As used herein, the terms “issuer institution,” “portable financial device issuer,” “issuer,” or “issuer bank” may refer to one or more entities that provide accounts to customers for conducting transactions (e.g., payment transactions), such as initiating credit and/or debit payments. For example, an issuer institution may provide an account identifier, such as a primary account number (PAN), to a customer that uniquely identifies one or more accounts associated with that customer. The account identifier may be embodied on a portable financial device, such as a physical financial instrument, e.g., a payment card, and/or may be electronic and used for electronic payments. The terms “issuer institution” and “issuer institution system” may also refer to one or more computer systems operated by or on behalf of an issuer institution, such as a server computer executing one or more software applications. For example, an issuer institution system may include one or more authorization servers for authorizing a transaction.
As used herein, the term “account identifier” may include one or more types of identifiers associated with a user account (e.g., a PAN, a card number, a payment card number, a token, and/or the like).

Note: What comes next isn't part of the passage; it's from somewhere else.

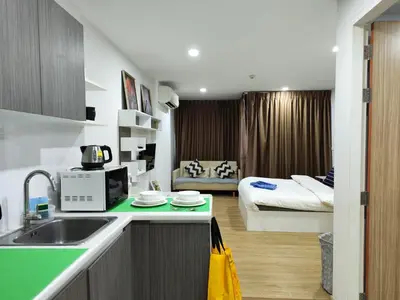 a kitchen with a sink and a room with a bed at 7 Floor - Mountain view Studio room at OZC near Kata beach in Kata Beach
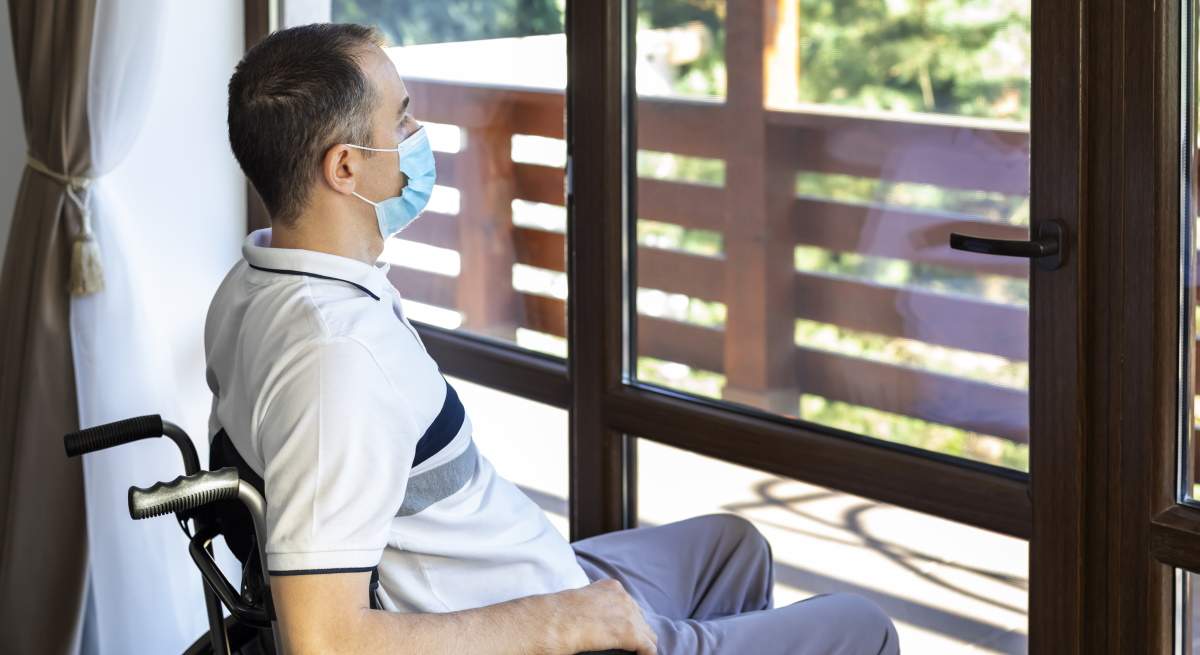 hombre-silla-ruedas-mira-ventana-dreamstime.jpg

In some non-limiting embodiments, an issuer institution may provide an account identifier (e.g., a PAN, a token, and/or the like) to a user that uniquely identifies one or more accounts associated with that user. The account identifier may be embodied on a physical financial instrument (e.g., a portable financial instrument, a payment card, a credit card, a debit card, and/or the like) and/or may be electronic information communicated to the user that the user may use for electronic payments. In some non-limiting embodiments, the account identifier may be an original account identifier, where the original account identifier was provided to a user at the creation of the account associated with the account identifier. In some non-limiting embodiments, the account identifier may be an account identifier (e.g., a supplemental account identifier) that is provided to a user after the original account identifier was provided to the user. For example, if the original account identifier is forgotten, stolen, and/or the like, a supplemental account identifier may be provided to the user. In some non-limiting embodiments, an account identifier may be directly or indirectly associated with an issuer institution such that an account identifier may be a token that maps to a PAN or other type of identifier. Account identifiers may be alphanumeric, any combination of characters and/or symbols, and/or the like. An issuer institution may be associated with a bank identification number (BIN) that uniquely identifies the issuer institution.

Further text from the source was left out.